> **Aim of the exercise**:
Repeat word for word the opening stretch of the entries, from the first line through the line containing "Hourly usage for December 2019".

> **Data for processing**:
────

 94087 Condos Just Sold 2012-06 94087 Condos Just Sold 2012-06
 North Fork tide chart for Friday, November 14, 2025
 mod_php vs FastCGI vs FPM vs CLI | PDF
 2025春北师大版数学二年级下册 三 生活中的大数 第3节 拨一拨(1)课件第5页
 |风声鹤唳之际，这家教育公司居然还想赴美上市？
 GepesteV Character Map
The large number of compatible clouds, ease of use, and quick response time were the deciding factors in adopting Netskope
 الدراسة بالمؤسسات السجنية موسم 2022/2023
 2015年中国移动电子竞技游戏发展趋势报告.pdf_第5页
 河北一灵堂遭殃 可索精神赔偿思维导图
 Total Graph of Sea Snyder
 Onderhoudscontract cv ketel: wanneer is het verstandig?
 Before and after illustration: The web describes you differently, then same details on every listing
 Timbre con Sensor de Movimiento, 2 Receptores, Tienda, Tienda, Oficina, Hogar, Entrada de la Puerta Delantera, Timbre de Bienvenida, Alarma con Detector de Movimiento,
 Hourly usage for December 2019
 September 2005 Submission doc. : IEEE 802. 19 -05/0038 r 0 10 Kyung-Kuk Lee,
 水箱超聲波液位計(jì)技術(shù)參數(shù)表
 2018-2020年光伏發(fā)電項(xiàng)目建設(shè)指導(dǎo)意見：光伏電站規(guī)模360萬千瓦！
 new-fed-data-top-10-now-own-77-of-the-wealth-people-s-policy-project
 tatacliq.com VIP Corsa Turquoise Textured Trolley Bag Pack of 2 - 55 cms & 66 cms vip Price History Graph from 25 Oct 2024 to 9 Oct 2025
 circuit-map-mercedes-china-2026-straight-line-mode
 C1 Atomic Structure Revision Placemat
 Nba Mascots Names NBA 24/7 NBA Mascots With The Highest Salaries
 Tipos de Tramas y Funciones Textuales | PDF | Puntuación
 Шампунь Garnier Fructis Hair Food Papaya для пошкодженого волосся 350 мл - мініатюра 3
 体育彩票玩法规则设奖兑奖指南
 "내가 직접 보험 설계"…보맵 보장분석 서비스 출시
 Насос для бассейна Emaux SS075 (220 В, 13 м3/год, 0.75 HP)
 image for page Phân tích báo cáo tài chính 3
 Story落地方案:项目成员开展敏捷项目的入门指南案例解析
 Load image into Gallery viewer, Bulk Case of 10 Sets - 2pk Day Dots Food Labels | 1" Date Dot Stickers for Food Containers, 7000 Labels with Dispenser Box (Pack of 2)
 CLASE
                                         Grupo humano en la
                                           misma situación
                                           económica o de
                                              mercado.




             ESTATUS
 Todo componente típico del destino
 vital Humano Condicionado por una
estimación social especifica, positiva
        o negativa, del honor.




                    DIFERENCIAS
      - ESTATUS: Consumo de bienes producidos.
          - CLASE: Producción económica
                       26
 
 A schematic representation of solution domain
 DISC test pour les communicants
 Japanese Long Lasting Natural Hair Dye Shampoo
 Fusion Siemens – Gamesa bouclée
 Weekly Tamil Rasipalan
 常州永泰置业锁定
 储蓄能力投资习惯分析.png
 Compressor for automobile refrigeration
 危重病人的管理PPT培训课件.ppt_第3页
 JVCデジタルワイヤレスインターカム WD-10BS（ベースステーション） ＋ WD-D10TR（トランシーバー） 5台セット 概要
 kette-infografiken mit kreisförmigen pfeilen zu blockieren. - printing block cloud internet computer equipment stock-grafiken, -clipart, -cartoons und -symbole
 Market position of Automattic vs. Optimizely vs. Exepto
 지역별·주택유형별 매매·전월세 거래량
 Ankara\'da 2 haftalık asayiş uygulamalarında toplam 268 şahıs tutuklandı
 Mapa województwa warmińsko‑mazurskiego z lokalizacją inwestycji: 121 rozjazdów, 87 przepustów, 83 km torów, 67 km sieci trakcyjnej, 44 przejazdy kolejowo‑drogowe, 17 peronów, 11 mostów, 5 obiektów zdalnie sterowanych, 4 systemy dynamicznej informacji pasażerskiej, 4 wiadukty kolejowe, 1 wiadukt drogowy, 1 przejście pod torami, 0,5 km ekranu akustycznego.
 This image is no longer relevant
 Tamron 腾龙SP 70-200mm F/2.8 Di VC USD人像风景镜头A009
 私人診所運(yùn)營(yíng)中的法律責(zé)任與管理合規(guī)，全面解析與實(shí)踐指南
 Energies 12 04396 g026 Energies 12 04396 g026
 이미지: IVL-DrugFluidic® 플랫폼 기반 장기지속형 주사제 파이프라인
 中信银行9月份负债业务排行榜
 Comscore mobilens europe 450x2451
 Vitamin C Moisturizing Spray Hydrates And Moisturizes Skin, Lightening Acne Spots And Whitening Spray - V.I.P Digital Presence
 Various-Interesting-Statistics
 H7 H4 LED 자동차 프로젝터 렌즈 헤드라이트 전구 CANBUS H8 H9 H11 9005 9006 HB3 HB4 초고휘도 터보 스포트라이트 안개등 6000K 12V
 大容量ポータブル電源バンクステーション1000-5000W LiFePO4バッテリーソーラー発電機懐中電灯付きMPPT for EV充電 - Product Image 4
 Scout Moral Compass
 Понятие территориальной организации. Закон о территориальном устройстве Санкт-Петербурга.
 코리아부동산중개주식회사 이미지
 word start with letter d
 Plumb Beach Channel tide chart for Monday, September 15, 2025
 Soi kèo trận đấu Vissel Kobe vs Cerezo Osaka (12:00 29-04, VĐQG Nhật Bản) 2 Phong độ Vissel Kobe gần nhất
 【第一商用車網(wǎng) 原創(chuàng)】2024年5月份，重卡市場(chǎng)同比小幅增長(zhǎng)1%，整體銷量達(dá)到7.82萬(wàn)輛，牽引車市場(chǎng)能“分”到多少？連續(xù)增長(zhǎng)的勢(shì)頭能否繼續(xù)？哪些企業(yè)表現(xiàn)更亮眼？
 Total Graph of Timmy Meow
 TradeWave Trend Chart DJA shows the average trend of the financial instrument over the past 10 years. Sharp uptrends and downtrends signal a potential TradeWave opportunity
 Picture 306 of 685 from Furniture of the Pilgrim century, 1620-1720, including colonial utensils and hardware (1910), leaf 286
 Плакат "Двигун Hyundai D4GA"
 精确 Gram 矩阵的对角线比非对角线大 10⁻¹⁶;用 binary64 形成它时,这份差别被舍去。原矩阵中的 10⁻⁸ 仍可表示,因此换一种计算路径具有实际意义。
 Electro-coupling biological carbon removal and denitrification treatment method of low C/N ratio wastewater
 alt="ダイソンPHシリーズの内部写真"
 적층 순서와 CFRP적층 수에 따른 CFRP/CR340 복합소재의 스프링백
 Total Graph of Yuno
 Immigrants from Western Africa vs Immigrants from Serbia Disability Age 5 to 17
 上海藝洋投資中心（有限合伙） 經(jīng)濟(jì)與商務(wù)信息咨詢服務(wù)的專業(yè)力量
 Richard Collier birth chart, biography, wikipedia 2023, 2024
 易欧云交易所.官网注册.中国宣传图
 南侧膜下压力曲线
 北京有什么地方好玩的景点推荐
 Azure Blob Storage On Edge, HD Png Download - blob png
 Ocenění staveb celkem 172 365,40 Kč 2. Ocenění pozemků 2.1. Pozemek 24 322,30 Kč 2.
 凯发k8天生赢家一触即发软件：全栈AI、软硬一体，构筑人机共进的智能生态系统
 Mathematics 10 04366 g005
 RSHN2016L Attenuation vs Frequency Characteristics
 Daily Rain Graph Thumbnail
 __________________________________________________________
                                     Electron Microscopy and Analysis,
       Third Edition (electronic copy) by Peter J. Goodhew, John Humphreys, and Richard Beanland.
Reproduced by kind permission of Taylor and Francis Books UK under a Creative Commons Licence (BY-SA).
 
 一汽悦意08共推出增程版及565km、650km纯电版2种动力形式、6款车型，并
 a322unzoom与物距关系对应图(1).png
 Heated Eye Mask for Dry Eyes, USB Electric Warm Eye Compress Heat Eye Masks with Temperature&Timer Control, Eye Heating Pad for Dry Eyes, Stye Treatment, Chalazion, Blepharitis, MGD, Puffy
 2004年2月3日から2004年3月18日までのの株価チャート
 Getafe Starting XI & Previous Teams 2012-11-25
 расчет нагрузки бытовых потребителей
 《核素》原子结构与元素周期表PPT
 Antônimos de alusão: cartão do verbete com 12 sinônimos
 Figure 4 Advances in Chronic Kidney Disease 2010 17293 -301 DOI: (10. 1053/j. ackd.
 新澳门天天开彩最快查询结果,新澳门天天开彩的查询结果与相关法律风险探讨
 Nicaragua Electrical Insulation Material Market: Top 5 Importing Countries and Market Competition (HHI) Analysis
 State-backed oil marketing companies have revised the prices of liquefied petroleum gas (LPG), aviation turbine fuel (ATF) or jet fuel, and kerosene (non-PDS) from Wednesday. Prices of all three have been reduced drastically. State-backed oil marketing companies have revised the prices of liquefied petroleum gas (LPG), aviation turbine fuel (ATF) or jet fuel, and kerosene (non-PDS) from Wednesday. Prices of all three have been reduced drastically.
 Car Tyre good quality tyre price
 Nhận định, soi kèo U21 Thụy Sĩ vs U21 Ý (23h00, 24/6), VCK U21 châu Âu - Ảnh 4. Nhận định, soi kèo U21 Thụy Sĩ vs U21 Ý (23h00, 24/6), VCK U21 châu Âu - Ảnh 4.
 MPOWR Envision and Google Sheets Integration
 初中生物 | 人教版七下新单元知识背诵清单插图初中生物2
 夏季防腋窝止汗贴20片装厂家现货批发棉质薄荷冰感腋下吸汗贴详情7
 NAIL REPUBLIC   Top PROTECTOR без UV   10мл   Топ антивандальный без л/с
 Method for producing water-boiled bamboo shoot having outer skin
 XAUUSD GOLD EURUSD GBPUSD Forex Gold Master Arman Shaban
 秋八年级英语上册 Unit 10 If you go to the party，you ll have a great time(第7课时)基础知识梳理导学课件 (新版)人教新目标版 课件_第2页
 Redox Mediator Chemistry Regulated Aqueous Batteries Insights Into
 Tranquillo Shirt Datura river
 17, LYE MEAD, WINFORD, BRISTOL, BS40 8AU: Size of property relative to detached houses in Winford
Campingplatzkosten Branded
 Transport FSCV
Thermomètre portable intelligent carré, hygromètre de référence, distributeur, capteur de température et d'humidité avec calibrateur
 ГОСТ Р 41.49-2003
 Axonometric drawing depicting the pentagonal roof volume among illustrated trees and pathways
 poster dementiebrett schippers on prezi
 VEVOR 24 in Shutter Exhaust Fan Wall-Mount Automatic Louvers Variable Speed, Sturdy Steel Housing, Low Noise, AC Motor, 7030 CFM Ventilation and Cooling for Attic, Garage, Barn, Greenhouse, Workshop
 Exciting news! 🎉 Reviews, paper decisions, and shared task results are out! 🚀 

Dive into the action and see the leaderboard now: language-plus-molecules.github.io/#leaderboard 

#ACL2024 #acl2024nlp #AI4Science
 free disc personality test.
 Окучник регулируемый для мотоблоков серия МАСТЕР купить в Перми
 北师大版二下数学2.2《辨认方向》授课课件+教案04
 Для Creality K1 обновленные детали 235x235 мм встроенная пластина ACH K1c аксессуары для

────

> **Response area**:
 94087 Condos Just Sold 2012-06 94087 Condos Just Sold 2012-06
 North Fork tide chart for Friday, November 14, 2025
 mod_php vs FastCGI vs FPM vs CLI | PDF
 2025春北师大版数学二年级下册 三 生活中的大数 第3节 拨一拨(1)课件第5页
 |风声鹤唳之际，这家教育公司居然还想赴美上市？
 GepesteV Character Map
The large number of compatible clouds, ease of use, and quick response time were the deciding factors in adopting Netskope
 الدراسة بالمؤسسات السجنية موسم 2022/2023
 2015年中国移动电子竞技游戏发展趋势报告.pdf_第5页
 河北一灵堂遭殃 可索精神赔偿思维导图
 Total Graph of Sea Snyder
 Onderhoudscontract cv ketel: wanneer is het verstandig?
 Before and after illustration: The web describes you differently, then same details on every listing
 Timbre con Sensor de Movimiento, 2 Receptores, Tienda, Tienda, Oficina, Hogar, Entrada de la Puerta Delantera, Timbre de Bienvenida, Alarma con Detector de Movimiento,
 Hourly usage for December 2019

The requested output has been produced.